Secara filosofis Perkawinan menurut hukum islam adalah suatu perjanjian yang sakral dimana itu adalah suatua perjanjian dengan sadar antara kedua pihak, kemudian agar terwujudnya suatu kesakralan atau kesucian dalam perkawinan ini agara tidak danya kesalah pahaman bagi pihak lain dengan mewujudkan ketertiban dan kepastian hukum baik bagi yang bersangkutan maupun orang lain. Lalu para ahli menganalisi atas berlakunya hukum yang ada , makna filosofis pencatatan perkawinan adalah untuk memberikan keamanan dan kenyamanan yang berbentuk kepastian, kekuatan dan perlindungan hukum terhadap pelaku perkawinan tersebut (suami-istri). Dengan demikian , ketika tidak terlaksananya pencatatan perkawinan, maka terdapat akibat hukumnya seperti tidak memiliki kekuatan hukum dan tidak mendapatkan jaminan hak-hak keperdataan akibat perkawinannya yang tidak tercatat.
Secara sosiologis perkawinan diakui keberadaannya dilihat dari dua perspektif, yaitu pengakuan dari masyarakat dilingkungan sekitar dan dari pemerintah. Pertama, pengakuan dari masyarakat itu penting, Karena manusia sebagai makhluk sosial yang selalu bergantung pada sesamanya. Adanya peristiwa interaksi antara manusia lain dengan lainnya, jadi ketika terdapat kabara yang kemudian menjadi simpang siur dilingkunyannya itu kan berpengaruh yang menjadikan sebagai bahan perbincangan. Kemudian ada pengakuan oleh pemerintah sendiri sangant diperlukan karena untuk menjamin atau memberi kepastian hukum tatkala dikemudian hari terdapat persengketaan mengenai perkawinan.

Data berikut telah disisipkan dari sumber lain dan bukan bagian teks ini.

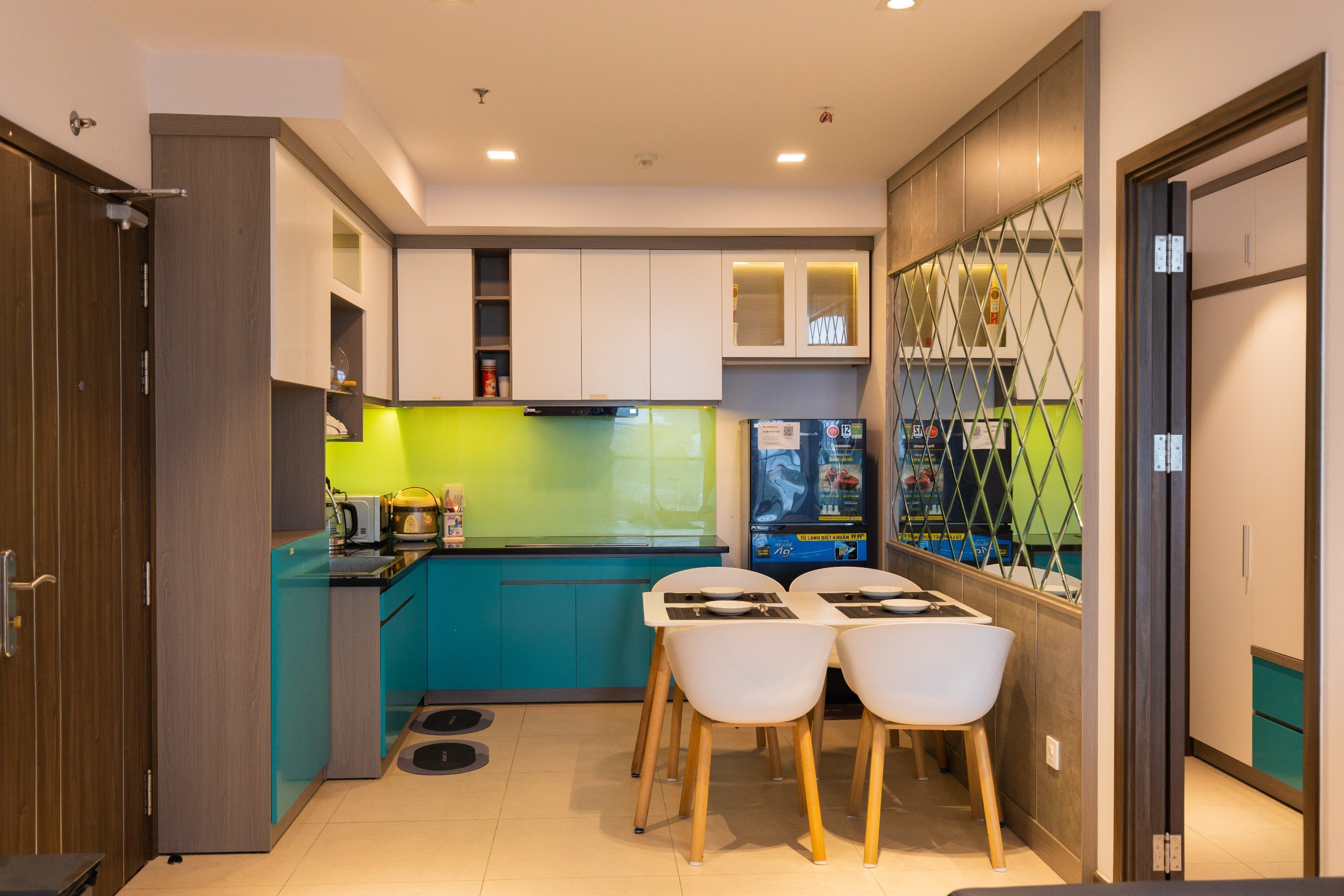 z5816004075725_dbd7562a0c949608183491599b2e43a5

Makna religious (agama) dalam agama islam sendiri tidak mempermasalahkan mengenai pencatatan perkawinan itu sendiri karena juka telah memenuhi syarat dan rukun yang telah ditetapkan hukum. Namun dalam agama Islam memerintahkan umat manusia sebagai hamba Allah yang taat, untuk menegakkan apa peraturan yang telah ditetapkan hukum yang telah diadakan untuk mengatur kehidupannya agar aman damai dan terciptanya masyarakat, atau muslim yang bernegara dengan segala bentuk toleransi yang dijunjung tinggi.

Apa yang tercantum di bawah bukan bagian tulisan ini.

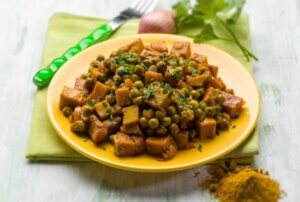 Un plat à base de seitan, de champignons et de petits pois.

Kemudian secara yuridis, pencatatan perkawinan sangat diketatkan dalam hal ini. Pencatatan ini maksunya adalah sebagai bentuk perlindungan kepedulian hukum terhadap pihak yang bersangkutan , pemenuhan dan penegakan hak asasi manusia sebagai tamggumg jawab yang termasuk dalam ruang lingkup Negara , yang harus dilakukan dengan prinsip Negara yang telah diatur oleh perundang undangan nomor 281 ayat (4) dan ayat (5) UUD 1945. Kemudian dengan ini adanya pencatatan perkawinan akan terwujudnya hak hak yang telah ada akibat perkawinan, sehingga hak itu terpenuhi dan pihak yang bersangkutan merasa aman dan terlindung dengan adanya kepastian yang diberikan oleh hukum.

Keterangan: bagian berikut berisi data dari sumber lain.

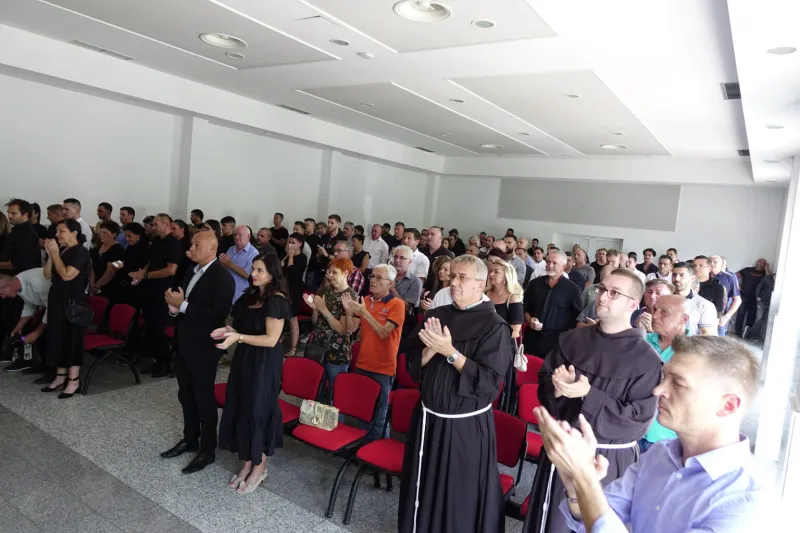 FOTO: Dalmacija i Hercegovina oprostile se od Vukasa! Dao je nemjerljiv doprinos podizanju kulture 3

Kesimpulannya, setiap perkawinan harus dicatatkan sesuai dengan Undang-Undang yang berlaku pada negara yang telah ditetapkan . Sesuai dengan Undang-Undang Negara Republik Indonesia Nomor 1 Tahun 1974 pasal 2 ayat 2 dapat disimpulkan bahwa pencatatan perkawinan merupakan hal yang menetukan bahwa perkawinan itu telah disahkan, yang dimana telah disahkan dengan ketentuan yaitu syarat dan tinjauan yang lain terpenuhi sesuai dengan agama dan Negara. Maka dengan pencatatan itu perkawinan menjadi jelas kesahannya, baik bagi para pihak yang bersangkutan maupun pihak yang lainnya. Bagi pihak yang tidak mencatatkan perkawinannya dengan segala alsan maka pihak tersebut tidak akan mendapatkan kepastian hukum dan kewenagan atas hak haknya. Pentingnya pencatatan perkawinan ini untuk memberikan kepastian hukum dan memberikan perlindungan bagi pihak yang melakukan perkawinan, sehingga memberikan kekuatan bukti tentang terjadinya perkawinan dan para pihak dapat mempertahankan perkawinan tersebut kepada siapapun di hadapan hukum. Sebaliknya jika pencatatan perkawinan tidak dilakukan, maka perkawinan yang dilangsungkan para pihak tidak mempunyai kekuatan hukum dan tidak memiliki bukti yang autentik dari negara sebagai suatu perkawinan.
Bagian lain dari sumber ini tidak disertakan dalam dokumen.